I am not being able to find some paper or book that dwells on this problem ,if you can recommend me anything there would be great.
I will first state the general problem and some subproblems that I have solved. And that the questions I could not solve that are for me interesting.
Problem: How many expression are there of a given lenght ,more exactly having a total number of symbols S that can be subdivided in a set of operations O and a set of terminals T, how many total valid expressions are possible of size n?
For instances with the set $O = \{+,-,/,* \}$ , and $T = \{a,b\}$ and $S = T \bigcup O$ a valid expressions of size 5 (in prefix notation) can be [+-aba] that translates to $(a-b)+a $, this represents an expression of lenghth 5. Let's represents the set of all expressions with this lenght and this operations and this terminals: $EXP_{O,T}^5$. And generically $EXP_{O,T}^n$ is the set of all the operations with a lenght n.
Subproblem 1: For instance considering only operations that have as input 2 terms and as output 1 term (binary operators), and calling that set $O_2$, considering that an expressions is in prefix notation after some dwelling some considerations can be made:
Assert 1: The number of operators in a expression is equal to the number of terminals +1. (can be proven by strong induction)
Assert 2: There are not expressions with an even dimension (can be proven by strong induction)
Assert 3: In evaluating a valid expression , the evaluation ends when the number of terminals counted is equal to the number o operators +1. (it is basically a consequence of 1)

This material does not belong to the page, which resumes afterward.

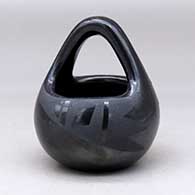 A black on black basket decorated with a two-panel geometric design
 by Flora Naranjo of Santa Clara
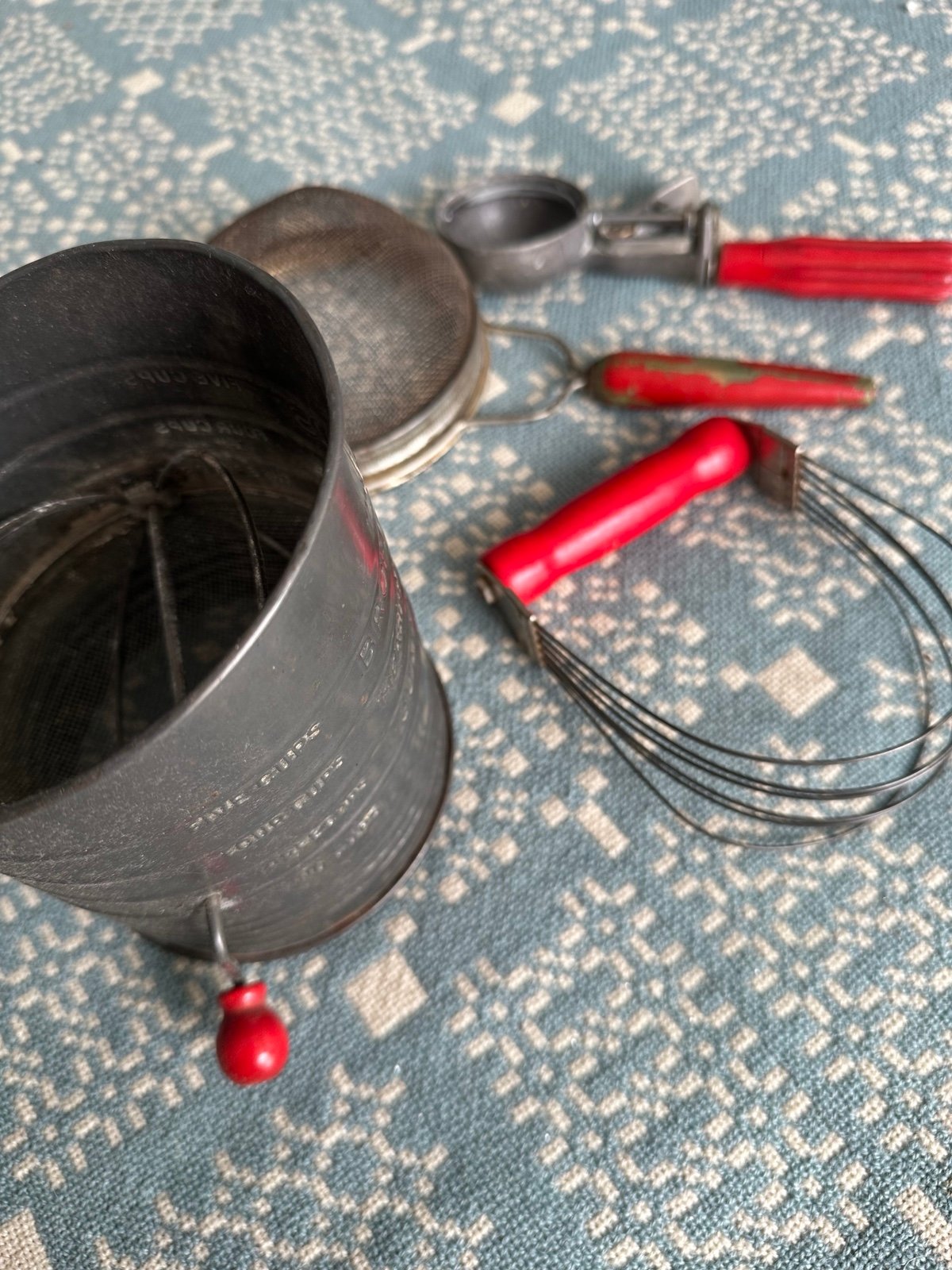 4 Vtg.red handled kitchen tools- dough blender,sifter,strainer and scoop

Conclusion: this allow us to relate this problem to the Catalan numbers , and it is made obviously by comparing it to the number of possible valid parenthesis expressions. (substituting every terminal by ")" and every operator by "(" )

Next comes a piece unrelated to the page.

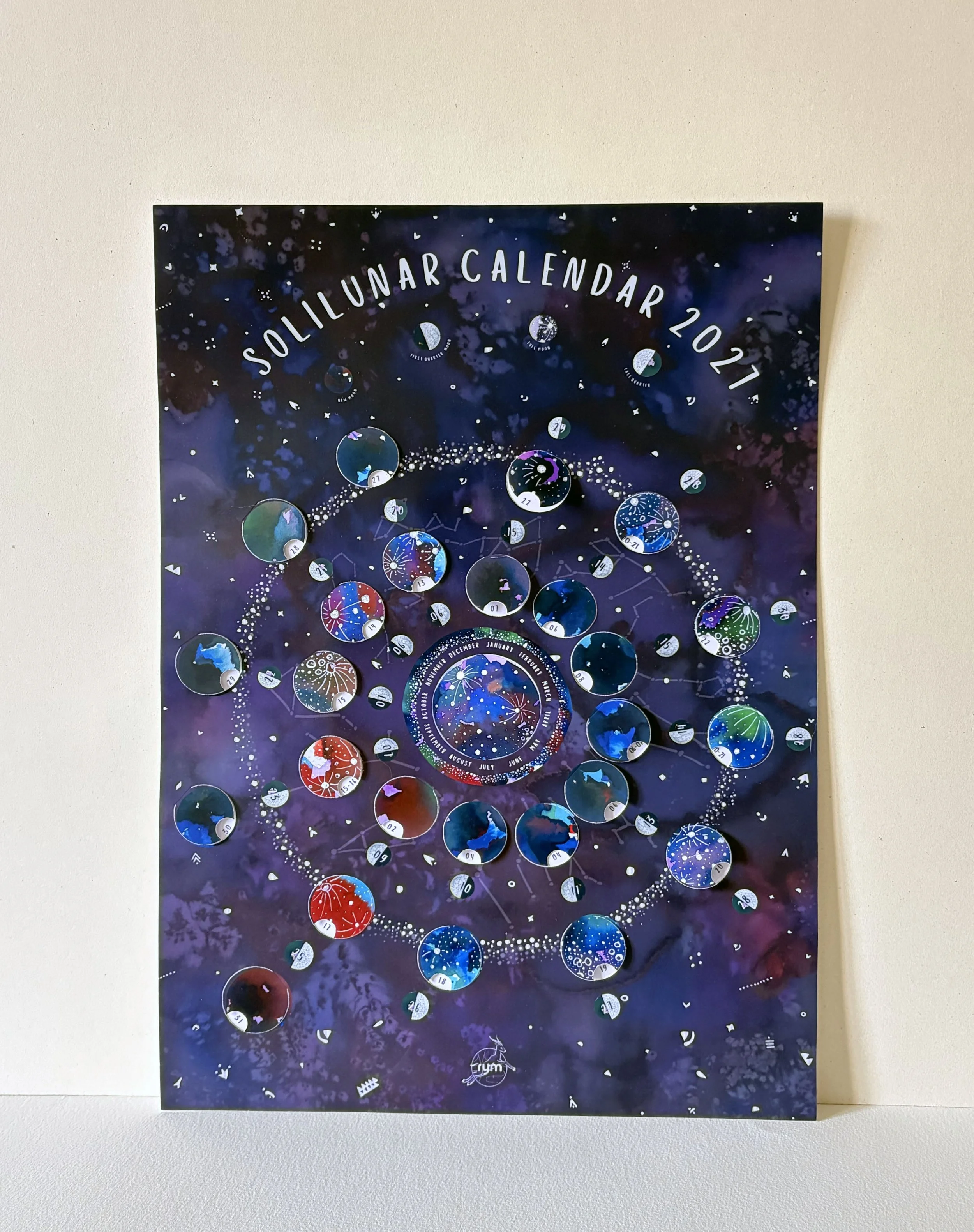 Full view of the 2027 Moon Calendar against a plain white background, showing its A3 portrait format, purple starry design and colourful illustrations of the lunar phases.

[+-a+bcd] -> [(()()) )] so the number of valid expressions of size n are equal to the number of (n-1)/2 pairs of parenthesis sequences.
So in the end the number of expressions with only operators with two inputs, and a given lenght lets called it $ \#EXP_{O_2}^n $ is for n odd equal to:
$$ \#EXP^n_{T,O_2} = Cat(\frac{n-1}{2})\#T^{(n+1)/2}\#O_2^{(n-1)/2} $$
$$\#EXP^n_{T,O_2} = \frac{2}{n+1}\binom{n-1}{\frac{n-1}{2}}\#T^{(n+1)/2}\#O_2^{(n-1)/2} $$
A cool inside on this expression is that for a given value of symbols, #S = P, the value that maximizes the dimension of this space is when $\#T = \#O2+1 $
Subproblem 2: How to generalize this taking into acount unary operations? Lets's call this set $O_1$, one possible case can be $O_1 = \{sin,cos,tan,exp\}$. This subproblem I have solved in the following way. Given a expression of type $\#EXP^i_{T,O_2}$ with $i<=n$ we can form expressions of the type $\#EXP^n_{T,O_2,O_1}$ adding to the rest of the not occupied $n-i$ places unitary operators. This becomes compreensible in the following image
this example is for n=7 and in this case i= 5, we are creating an $O_1$ expression of dimension 7 from one of dimension 5 of $O_2$. having this image in consideration and noting the following things.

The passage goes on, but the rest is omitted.